WHAT IS EXPECTED - Every entry below has to appear again in your reply, word for word, but no picture may.

[Start of section]

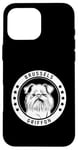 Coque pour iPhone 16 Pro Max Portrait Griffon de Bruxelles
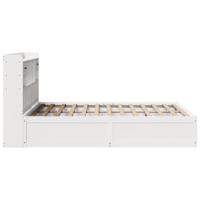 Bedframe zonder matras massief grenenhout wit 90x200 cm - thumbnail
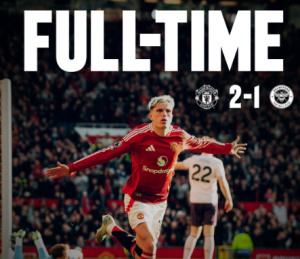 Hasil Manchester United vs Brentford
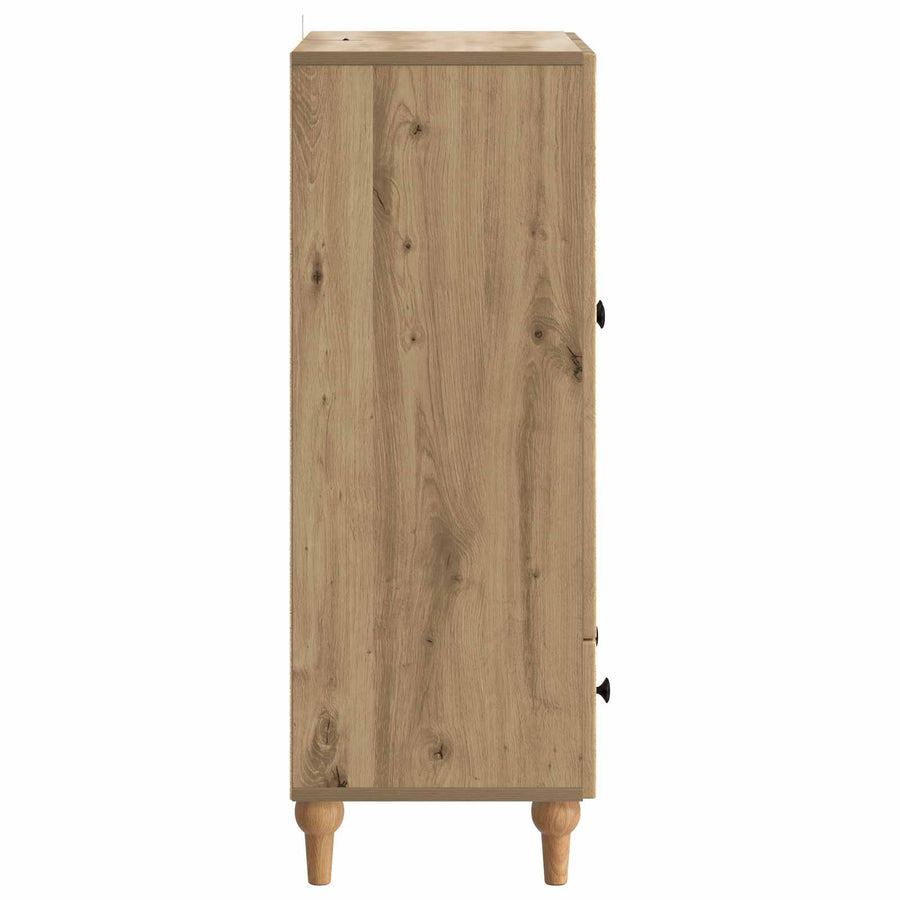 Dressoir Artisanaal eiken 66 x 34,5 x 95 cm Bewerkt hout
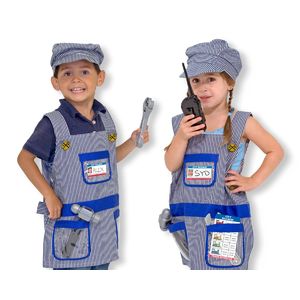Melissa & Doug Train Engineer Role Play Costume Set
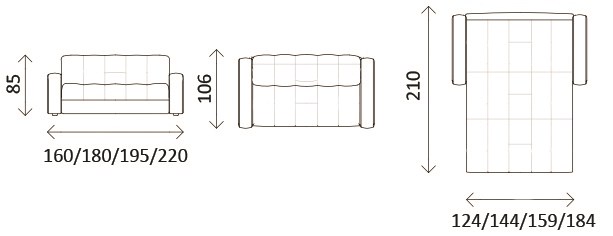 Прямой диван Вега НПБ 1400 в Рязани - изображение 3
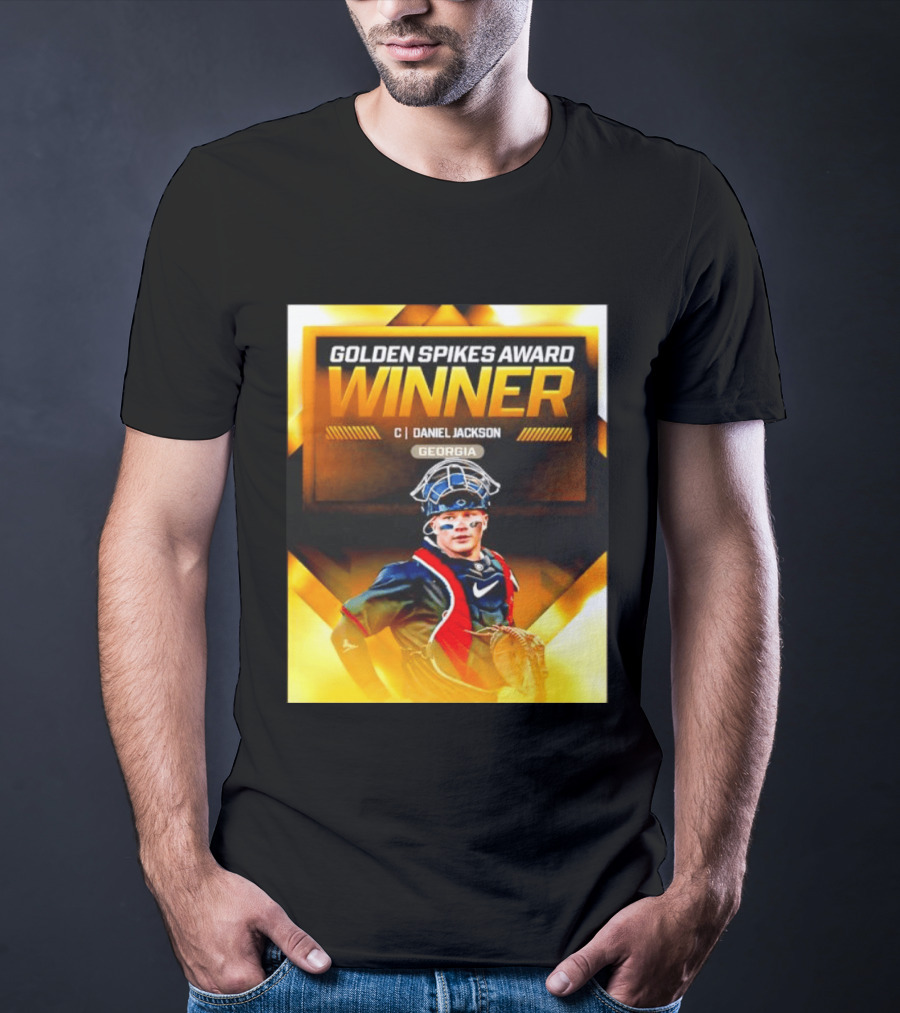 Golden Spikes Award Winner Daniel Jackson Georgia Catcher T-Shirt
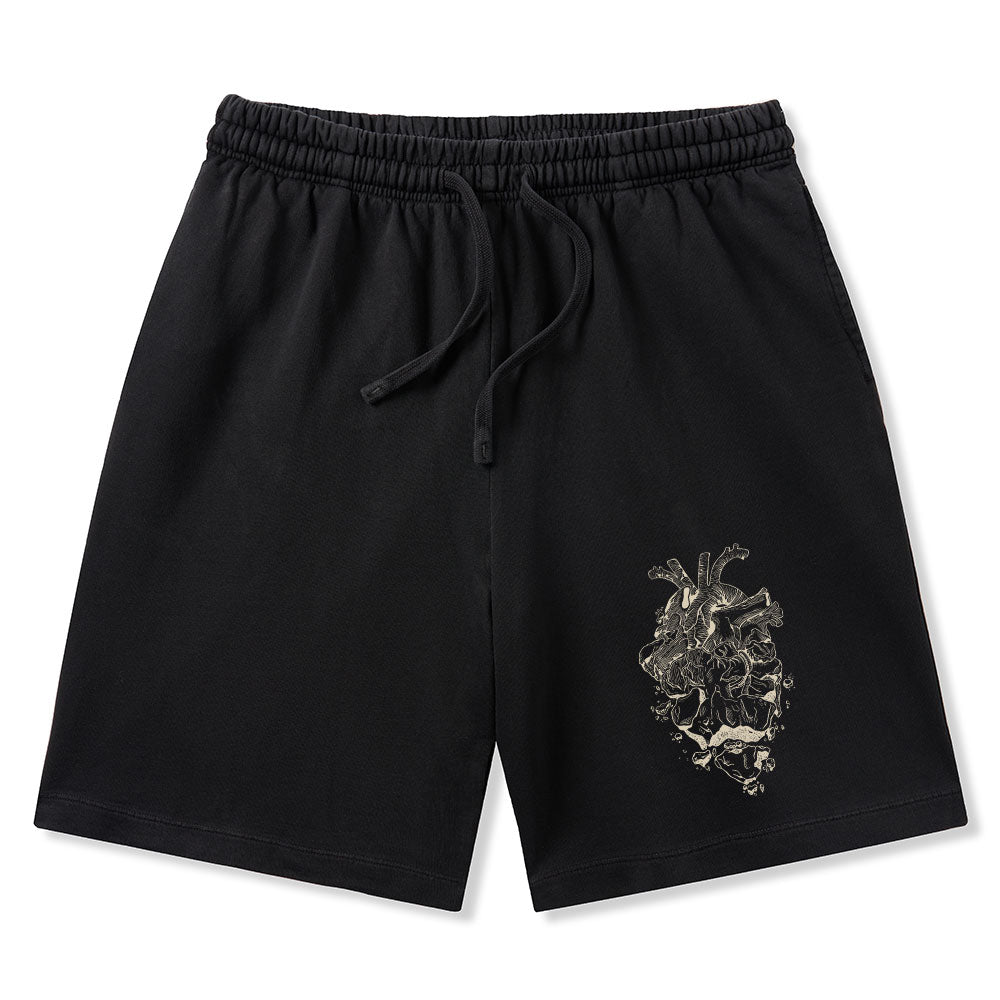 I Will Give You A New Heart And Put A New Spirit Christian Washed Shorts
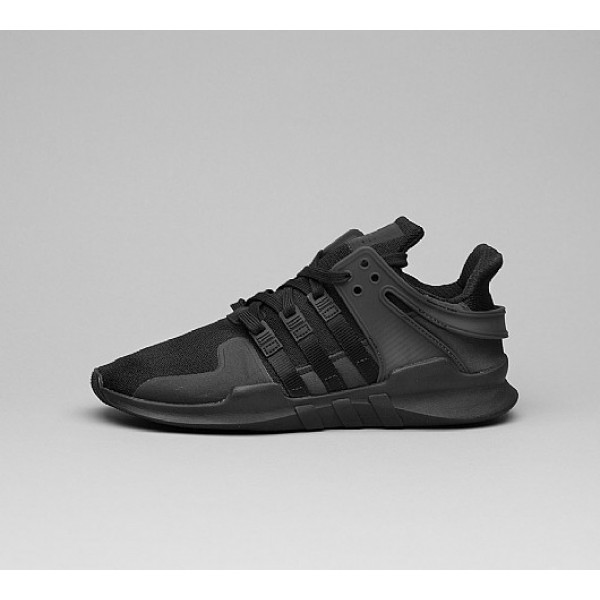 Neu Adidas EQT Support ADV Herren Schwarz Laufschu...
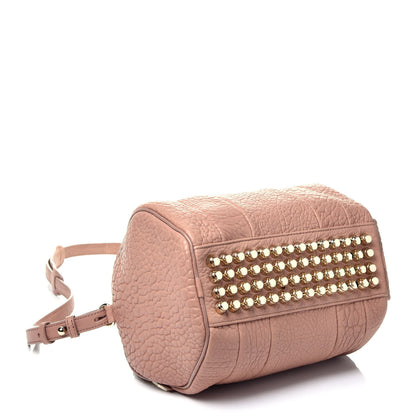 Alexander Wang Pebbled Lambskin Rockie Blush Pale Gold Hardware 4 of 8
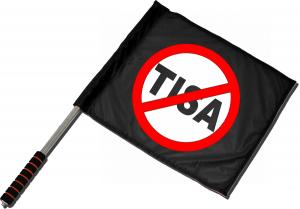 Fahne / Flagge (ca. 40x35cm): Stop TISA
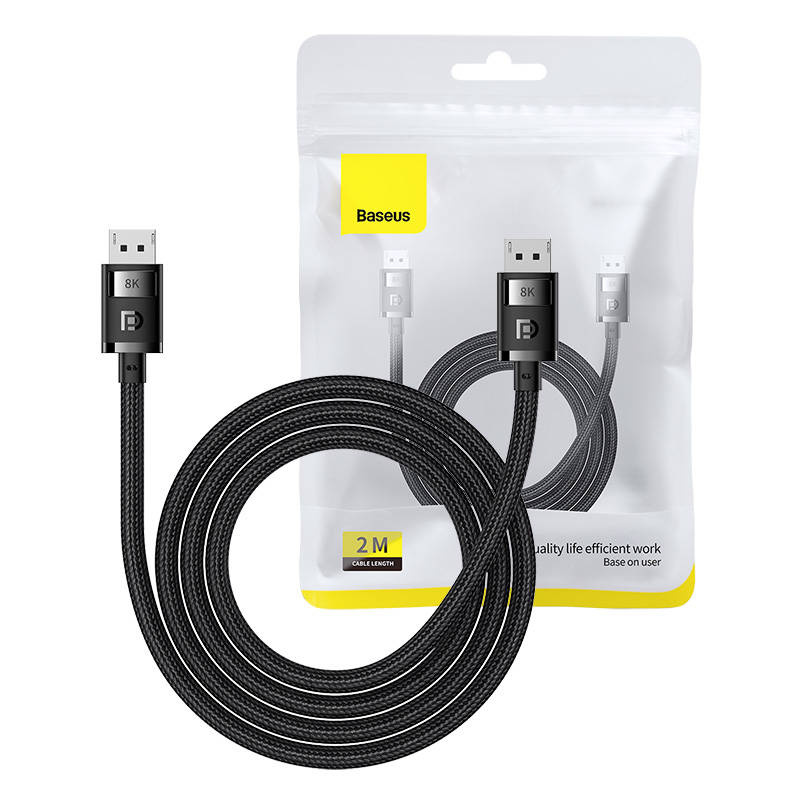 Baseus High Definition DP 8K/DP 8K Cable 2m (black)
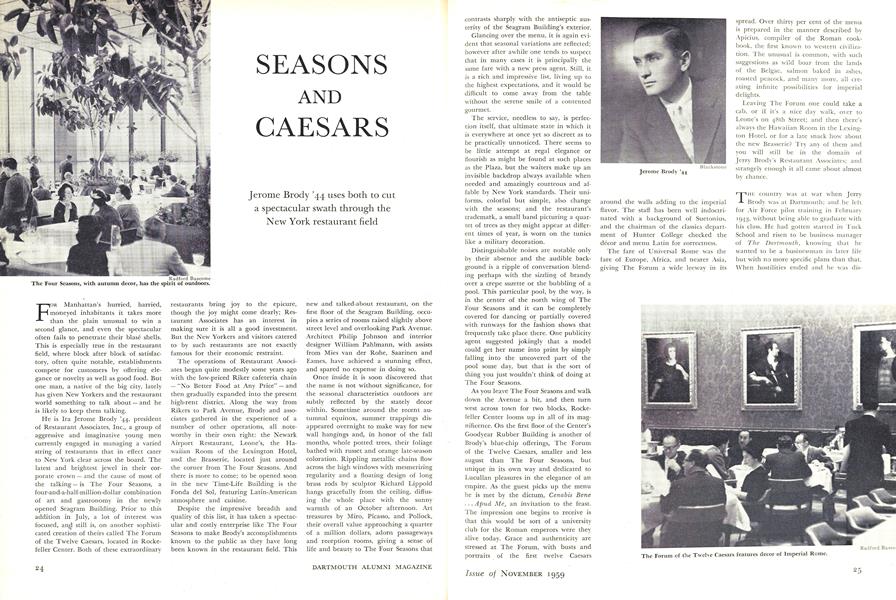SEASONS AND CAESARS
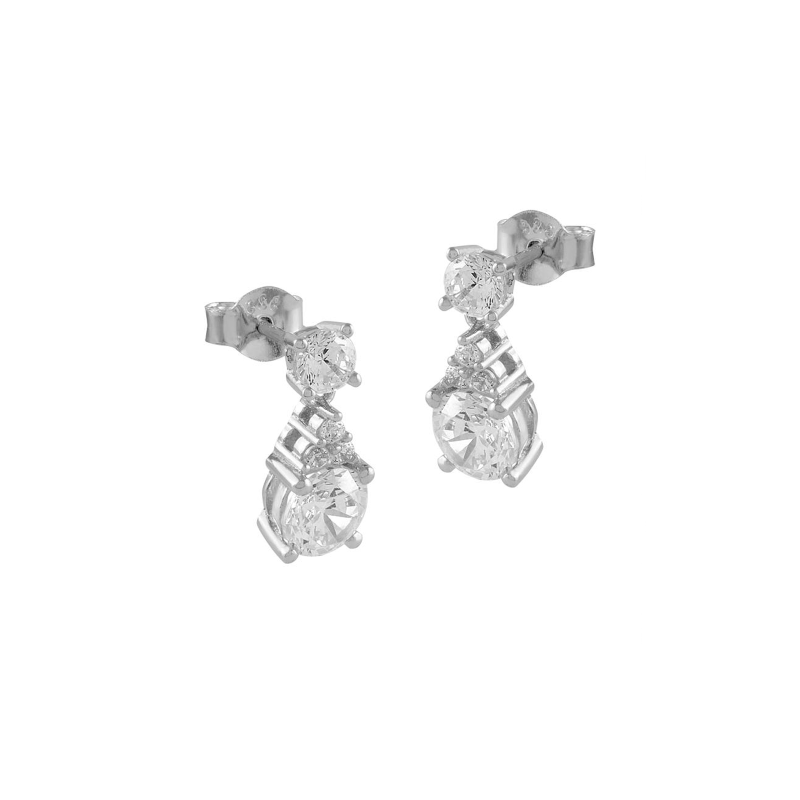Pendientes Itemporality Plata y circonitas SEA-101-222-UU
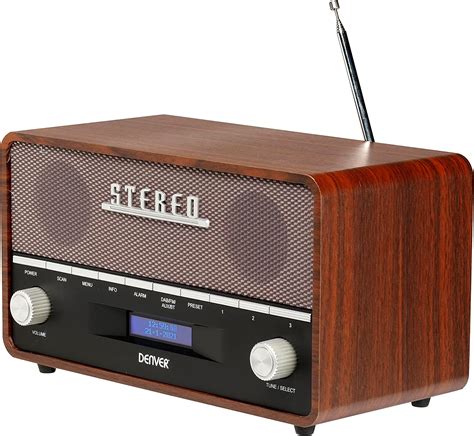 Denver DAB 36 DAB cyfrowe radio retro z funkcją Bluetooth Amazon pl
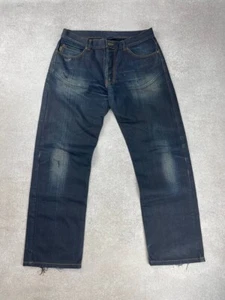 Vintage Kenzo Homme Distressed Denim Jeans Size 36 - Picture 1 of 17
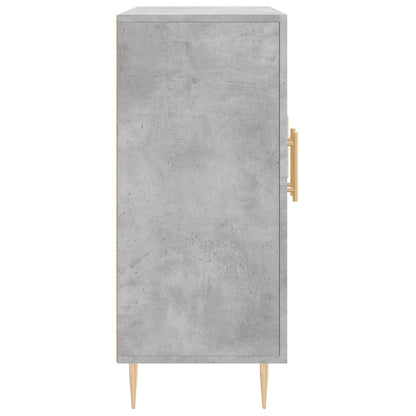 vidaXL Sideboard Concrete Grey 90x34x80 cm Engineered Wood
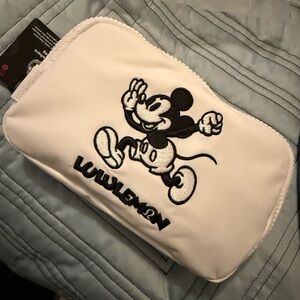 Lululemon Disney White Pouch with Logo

[End of section]

ANSWER SPACE -
 Coque pour iPhone 16 Pro Max Portrait Griffon de Bruxelles
 Bedframe zonder matras massief grenenhout wit 90x200 cm - thumbnail
 Hasil Manchester United vs Brentford
 Dressoir Artisanaal eiken 66 x 34,5 x 95 cm Bewerkt hout
Melissa & Doug Train Engineer Role Play Costume Set
 Прямой диван Вега НПБ 1400 в Рязани - изображение 3
 Golden Spikes Award Winner Daniel Jackson Georgia Catcher T-Shirt
 I Will Give You A New Heart And Put A New Spirit Christian Washed Shorts
 Neu Adidas EQT Support ADV Herren Schwarz Laufschu...
 Alexander Wang Pebbled Lambskin Rockie Blush Pale Gold Hardware 4 of 8
 Fahne / Flagge (ca. 40x35cm): Stop TISA
 Baseus High Definition DP 8K/DP 8K Cable 2m (black)
SEASONS AND CAESARS
Pendientes Itemporality Plata y circonitas SEA-101-222-UU
 Denver DAB 36 DAB cyfrowe radio retro z funkcją Bluetooth Amazon pl
 Vintage Kenzo Homme Distressed Denim Jeans Size 36 - Picture 1 of 17
 vidaXL Sideboard Concrete Grey 90x34x80 cm Engineered Wood
 Lululemon Disney White Pouch with Logo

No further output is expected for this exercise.